● **TASK DIRECTIONS**: Repeat every record exactly as written, but leave out the pictures.

##########

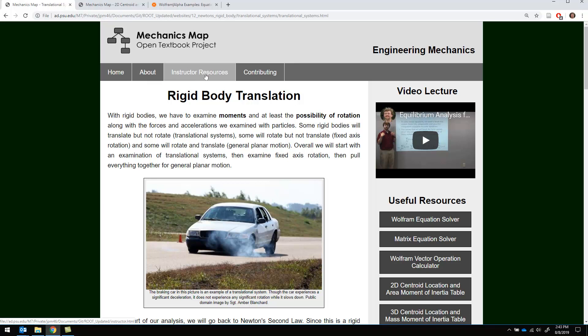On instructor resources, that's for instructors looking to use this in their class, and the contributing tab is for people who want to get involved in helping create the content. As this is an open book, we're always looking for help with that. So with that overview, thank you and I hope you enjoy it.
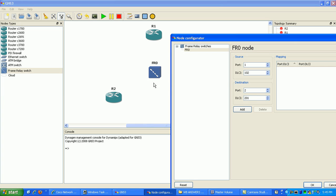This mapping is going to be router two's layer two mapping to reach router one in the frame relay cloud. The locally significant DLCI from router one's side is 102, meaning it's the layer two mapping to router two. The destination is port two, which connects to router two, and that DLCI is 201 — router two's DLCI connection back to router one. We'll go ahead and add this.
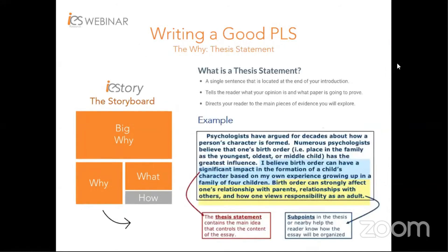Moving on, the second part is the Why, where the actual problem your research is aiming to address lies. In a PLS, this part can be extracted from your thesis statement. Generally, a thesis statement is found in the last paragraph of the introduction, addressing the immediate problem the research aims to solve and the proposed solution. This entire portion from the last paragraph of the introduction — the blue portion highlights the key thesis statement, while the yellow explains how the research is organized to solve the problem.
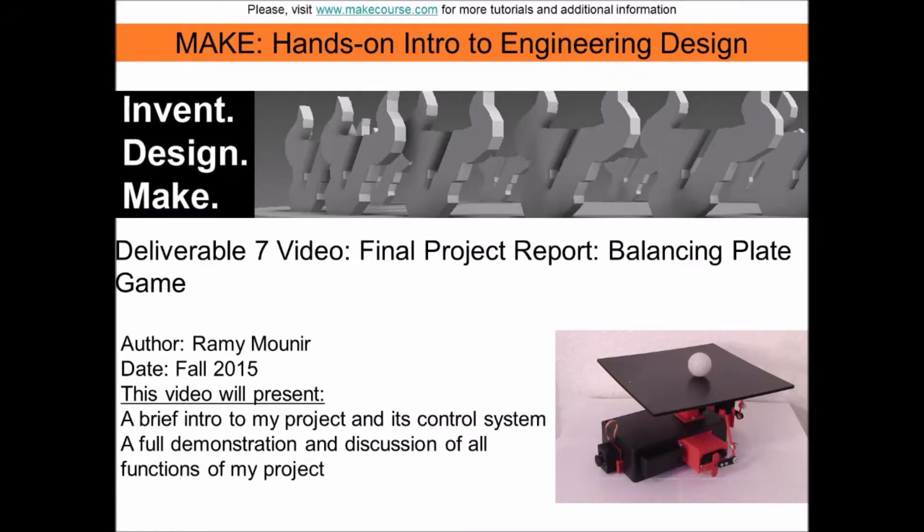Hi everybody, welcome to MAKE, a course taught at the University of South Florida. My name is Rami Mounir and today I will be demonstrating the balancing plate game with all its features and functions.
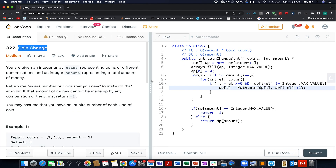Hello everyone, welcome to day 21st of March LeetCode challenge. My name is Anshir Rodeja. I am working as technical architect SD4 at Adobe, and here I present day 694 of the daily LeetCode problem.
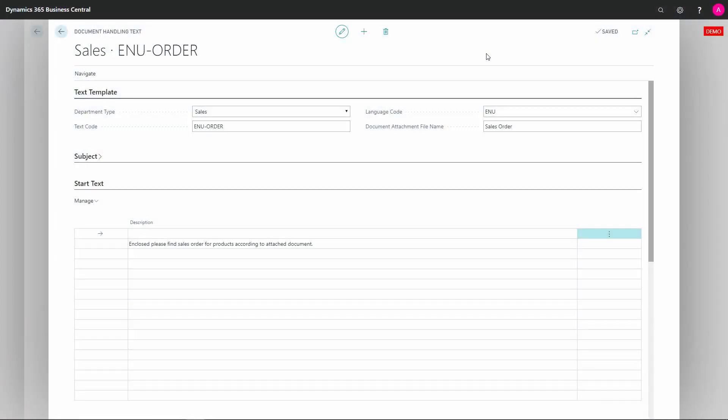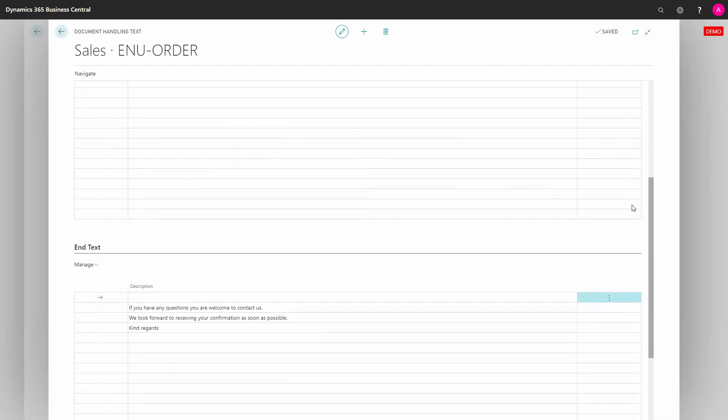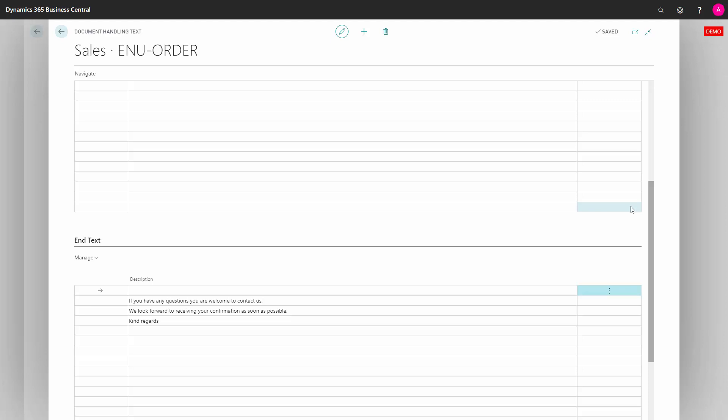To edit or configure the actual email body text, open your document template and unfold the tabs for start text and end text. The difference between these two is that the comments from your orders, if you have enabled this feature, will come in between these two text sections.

##########

● **EXERCISE OUTPUT**:
On instructor resources, that's for instructors looking to use this in their class, and the contributing tab is for people who want to get involved in helping create the content. As this is an open book, we're always looking for help with that. So with that overview, thank you and I hope you enjoy it.
This mapping is going to be router two's layer two mapping to reach router one in the frame relay cloud. The locally significant DLCI from router one's side is 102, meaning it's the layer two mapping to router two. The destination is port two, which connects to router two, and that DLCI is 201 — router two's DLCI connection back to router one. We'll go ahead and add this.
Moving on, the second part is the Why, where the actual problem your research is aiming to address lies. In a PLS, this part can be extracted from your thesis statement. Generally, a thesis statement is found in the last paragraph of the introduction, addressing the immediate problem the research aims to solve and the proposed solution. This entire portion from the last paragraph of the introduction — the blue portion highlights the key thesis statement, while the yellow explains how the research is organized to solve the problem.
Hi everybody, welcome to MAKE, a course taught at the University of South Florida. My name is Rami Mounir and today I will be demonstrating the balancing plate game with all its features and functions.
Hello everyone, welcome to day 21st of March LeetCode challenge. My name is Anshir Rodeja. I am working as technical architect SD4 at Adobe, and here I present day 694 of the daily LeetCode problem.
To edit or configure the actual email body text, open your document template and unfold the tabs for start text and end text. The difference between these two is that the comments from your orders, if you have enabled this feature, will come in between these two text sections.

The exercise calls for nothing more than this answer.